_What you have to do_:
Could you repeat the entries below exactly, but only from the line with "Read The Girl" through the line with "Orchestra Luna - Orchestra", and without any picture?
** Opening The data block **
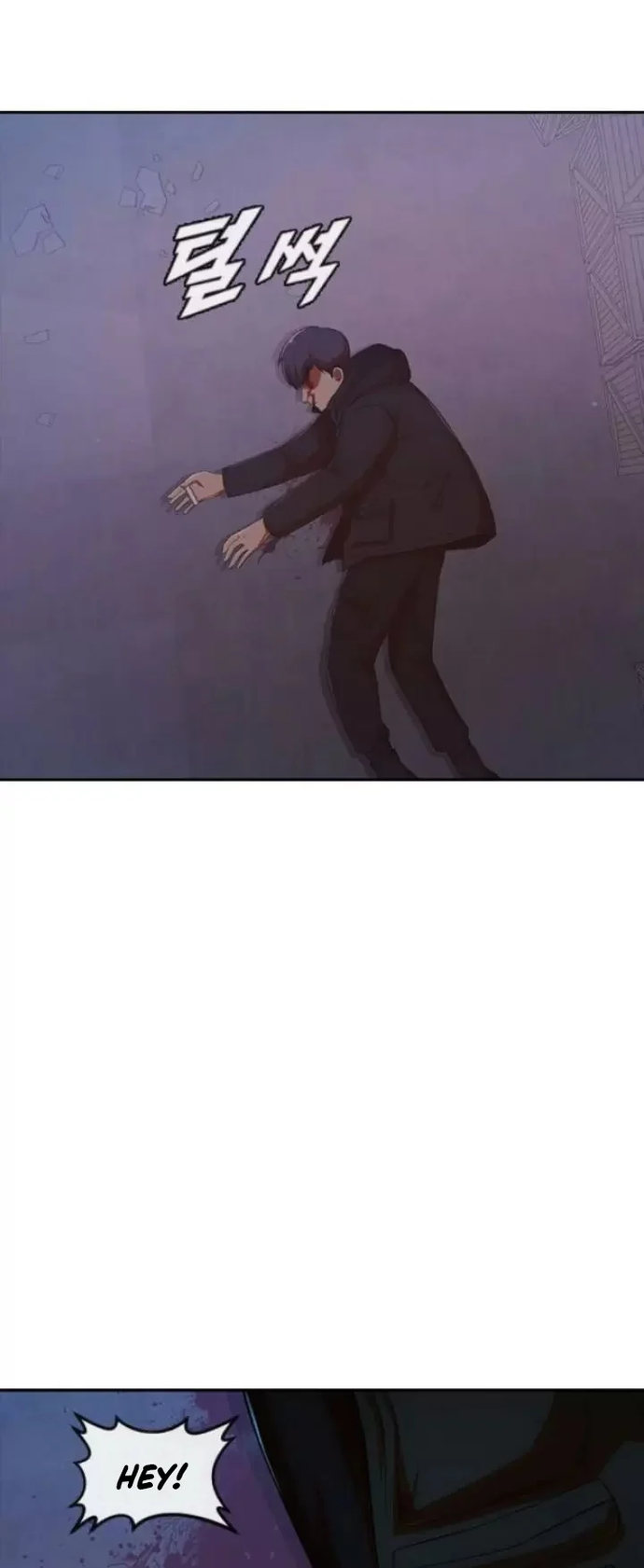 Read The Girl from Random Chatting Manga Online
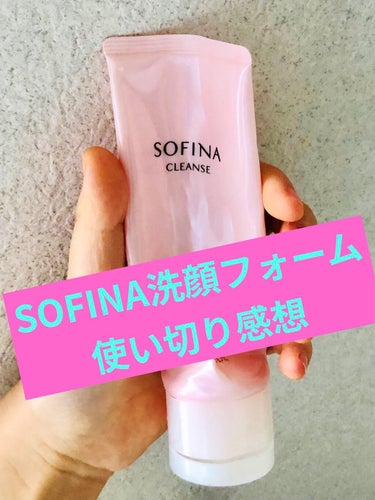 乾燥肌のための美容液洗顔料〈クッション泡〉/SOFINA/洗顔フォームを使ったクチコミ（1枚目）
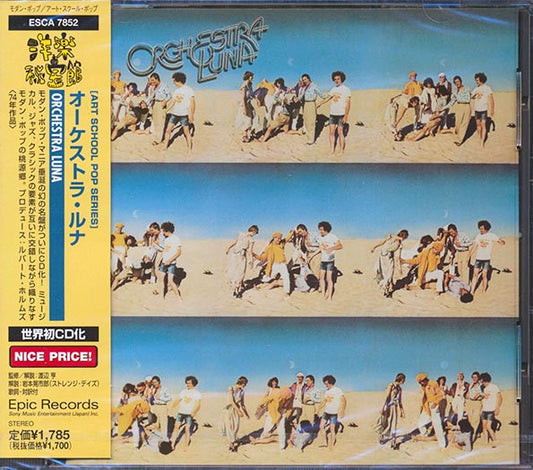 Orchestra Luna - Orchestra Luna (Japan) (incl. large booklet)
** Closing The data block **
** Opening The data block **
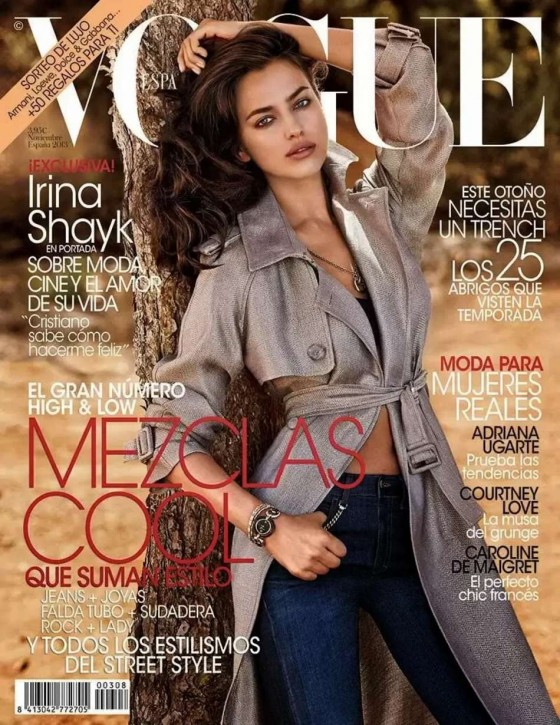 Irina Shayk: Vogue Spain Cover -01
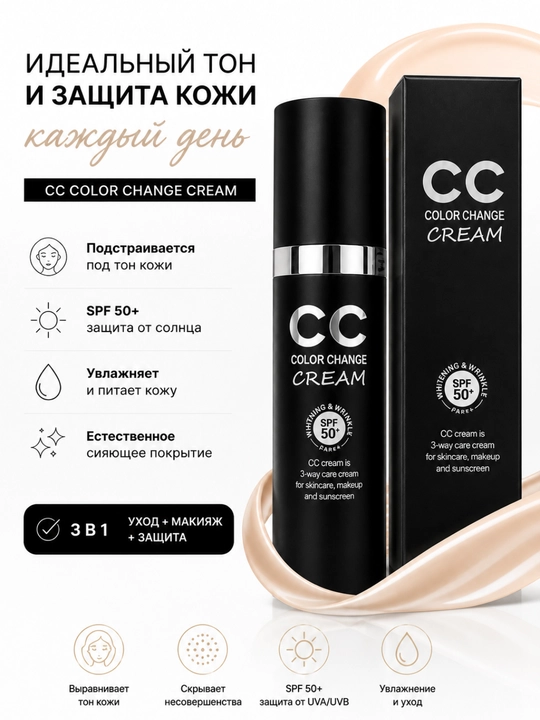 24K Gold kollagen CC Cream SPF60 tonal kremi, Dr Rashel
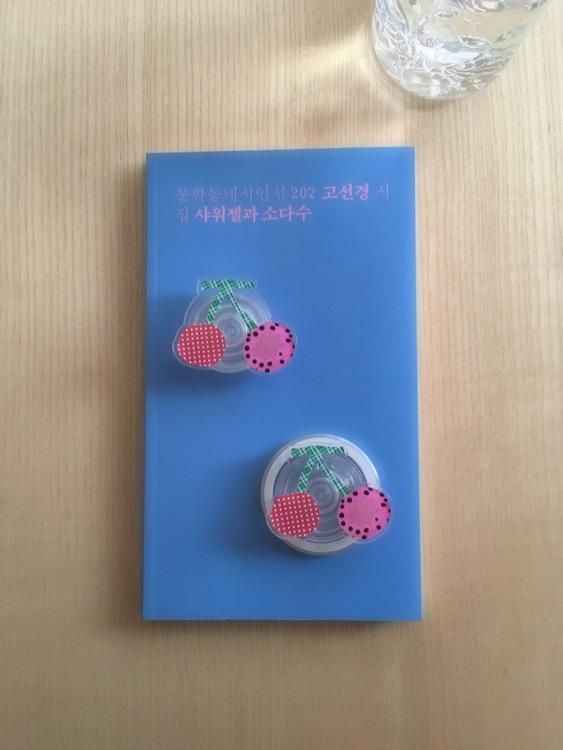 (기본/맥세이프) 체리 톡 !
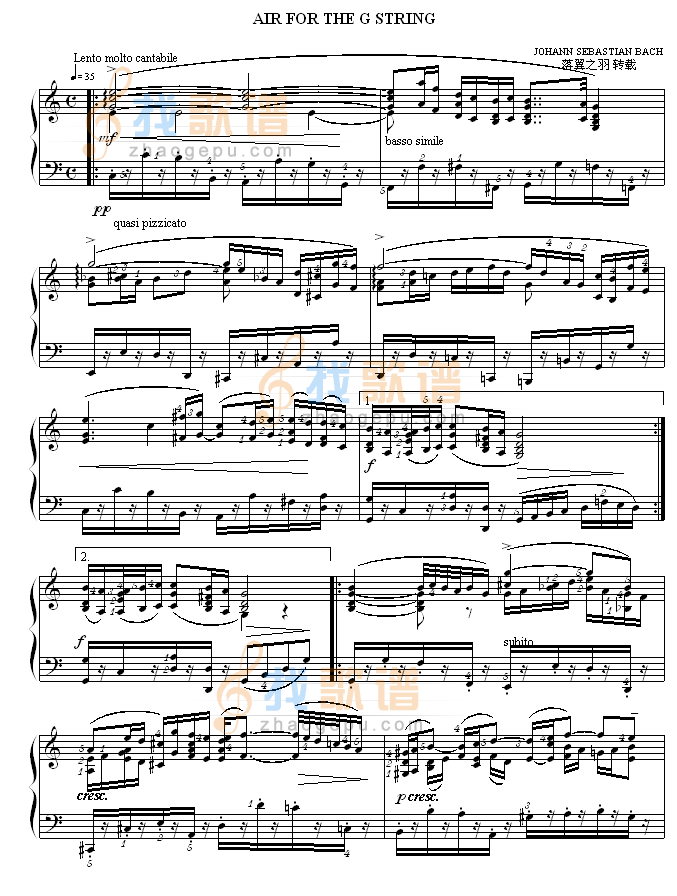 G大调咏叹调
** Closing The data block **
** Opening The data block **
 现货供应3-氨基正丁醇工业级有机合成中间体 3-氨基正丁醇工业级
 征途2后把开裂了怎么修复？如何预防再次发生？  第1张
** Closing The data block **
_Reply_:
 Read The Girl from Random Chatting Manga Online
 乾燥肌のための美容液洗顔料〈クッション泡〉/SOFINA/洗顔フォームを使ったクチコミ（1枚目）
 Orchestra Luna - Orchestra Luna (Japan) (incl. large booklet)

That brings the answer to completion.